DATA SUPPLIED Block Start

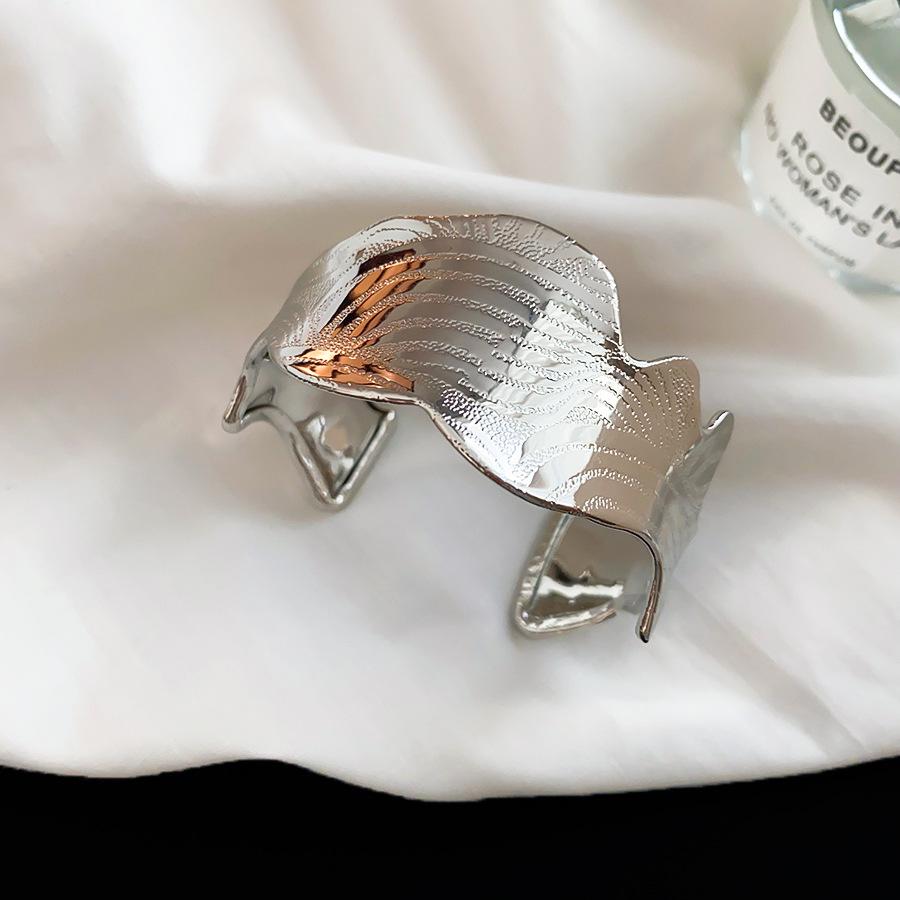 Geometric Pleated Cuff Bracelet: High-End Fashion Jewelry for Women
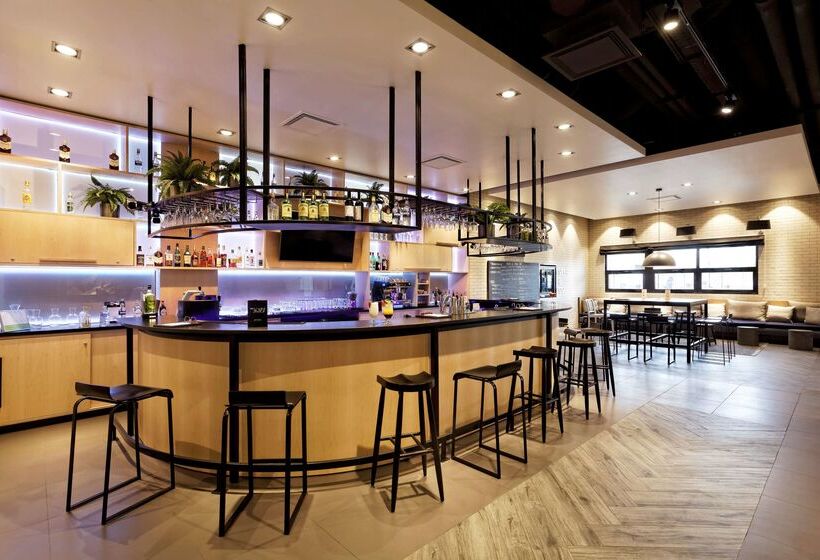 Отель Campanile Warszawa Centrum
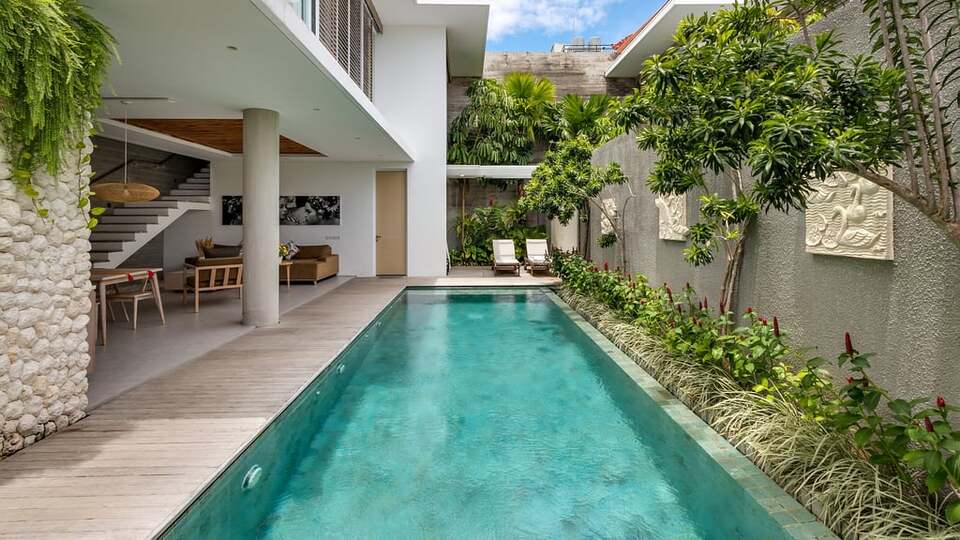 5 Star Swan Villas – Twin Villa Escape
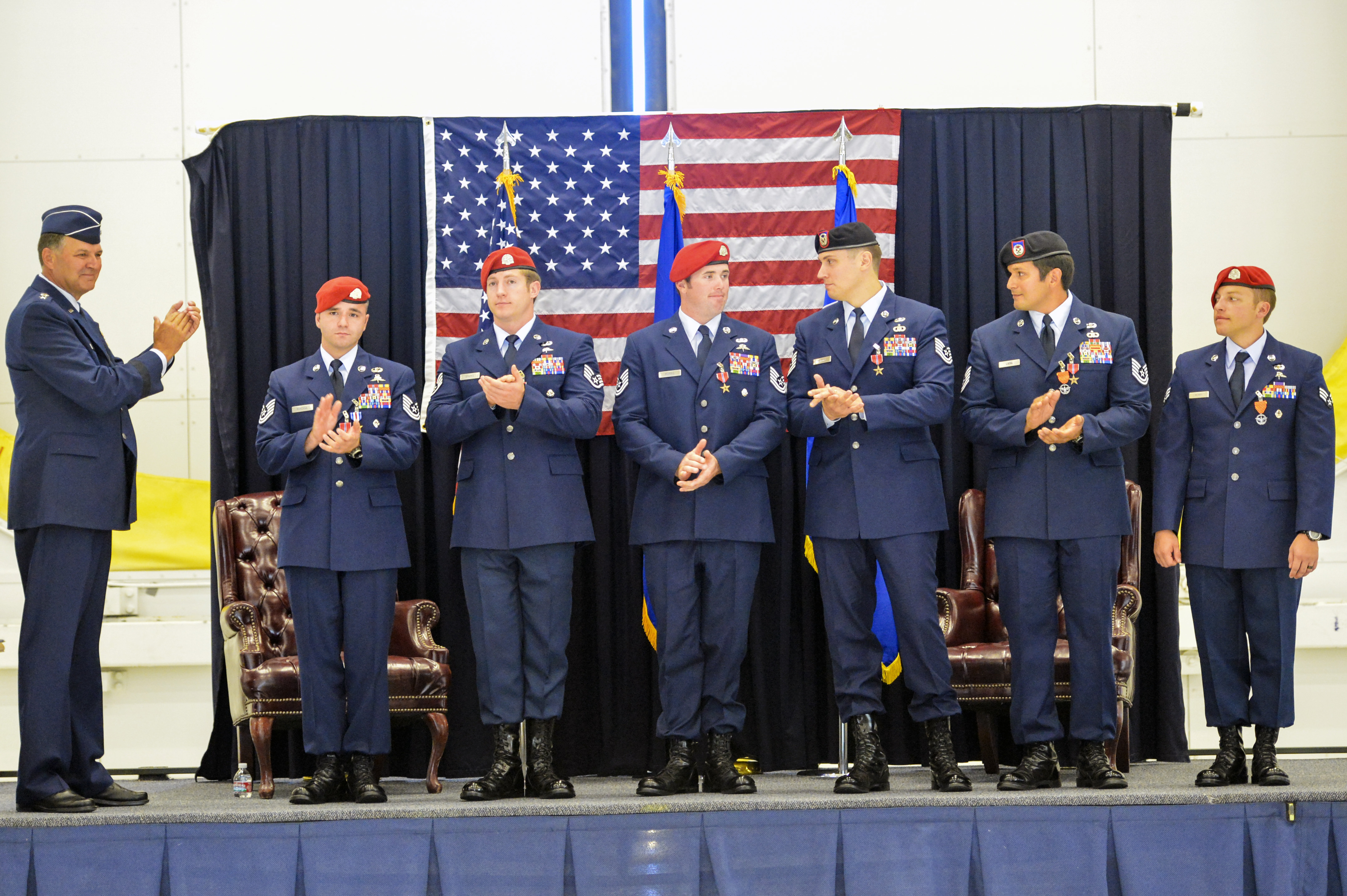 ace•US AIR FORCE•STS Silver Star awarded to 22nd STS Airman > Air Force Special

DATA SUPPLIED Block End
DATA SUPPLIED Block Start

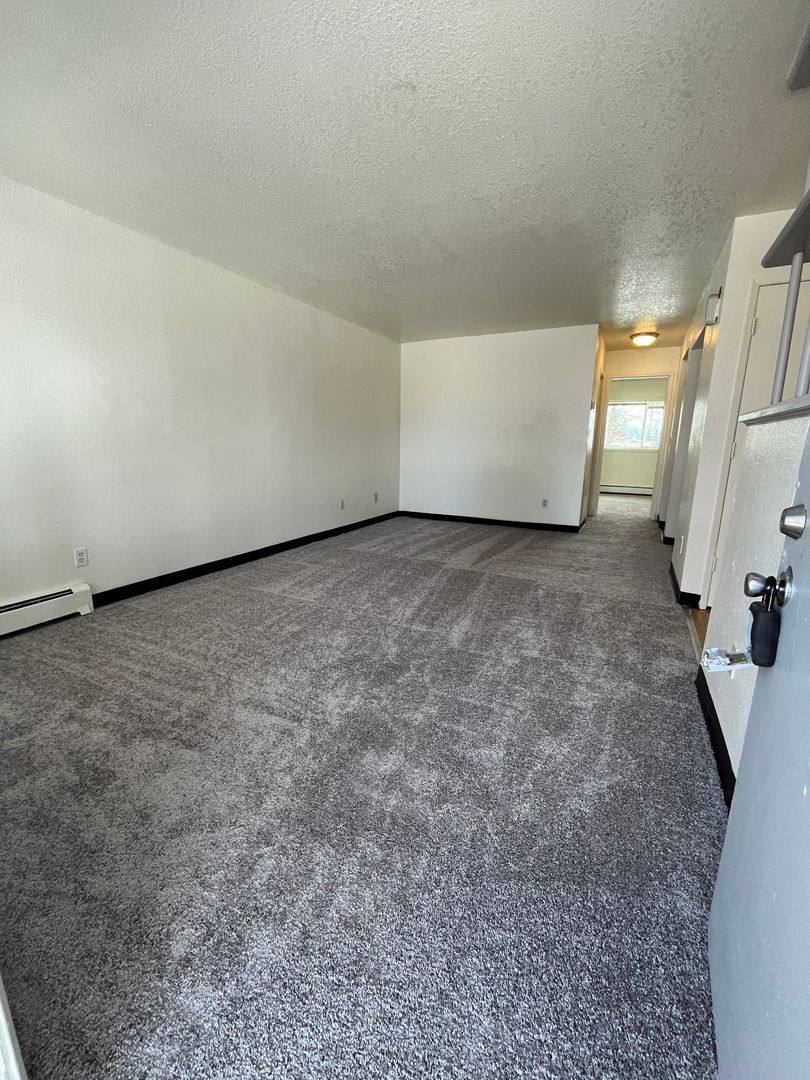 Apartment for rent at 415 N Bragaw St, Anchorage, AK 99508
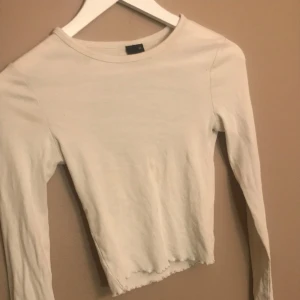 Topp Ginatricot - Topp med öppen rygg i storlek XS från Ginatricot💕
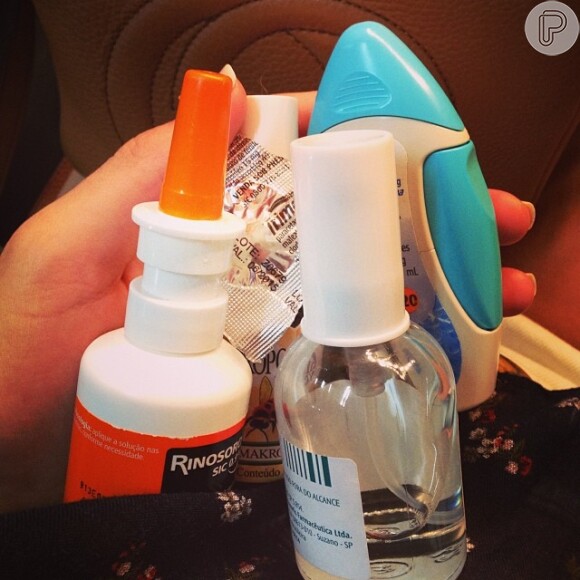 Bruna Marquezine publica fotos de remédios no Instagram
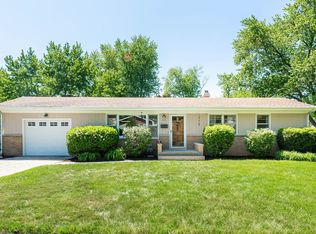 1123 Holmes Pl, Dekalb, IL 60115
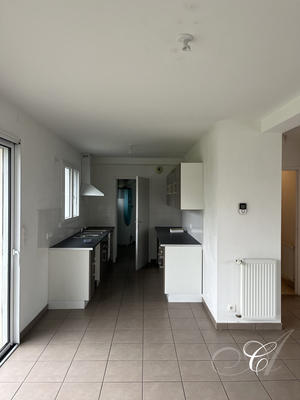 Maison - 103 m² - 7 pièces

DATA SUPPLIED Block End
DATA SUPPLIED Block Start

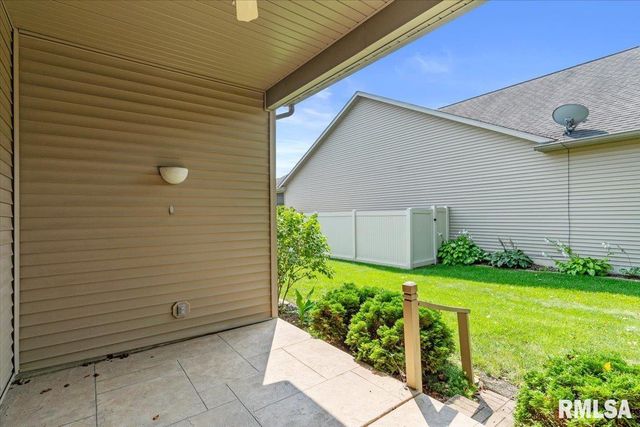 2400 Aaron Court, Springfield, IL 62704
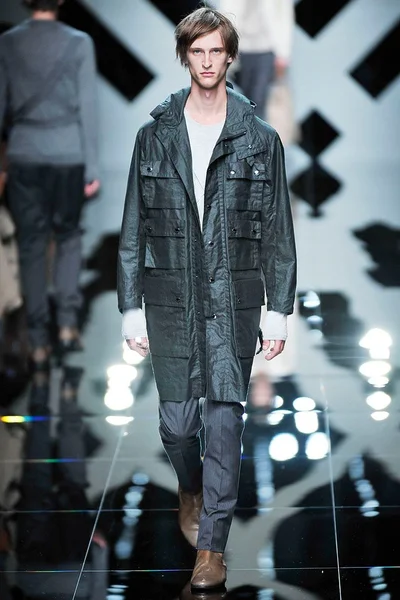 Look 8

DATA SUPPLIED Block End

What's needed is an exact copy of the lines above from the one with "Topp Ginatricot - Topp" through the one with "Maison - 103 m² - 7 pièces", both included; the pictures stay out.

 Topp Ginatricot - Topp med öppen rygg i storlek XS från Ginatricot💕
 Bruna Marquezine publica fotos de remédios no Instagram
 1123 Holmes Pl, Dekalb, IL 60115
 Maison - 103 m² - 7 pièces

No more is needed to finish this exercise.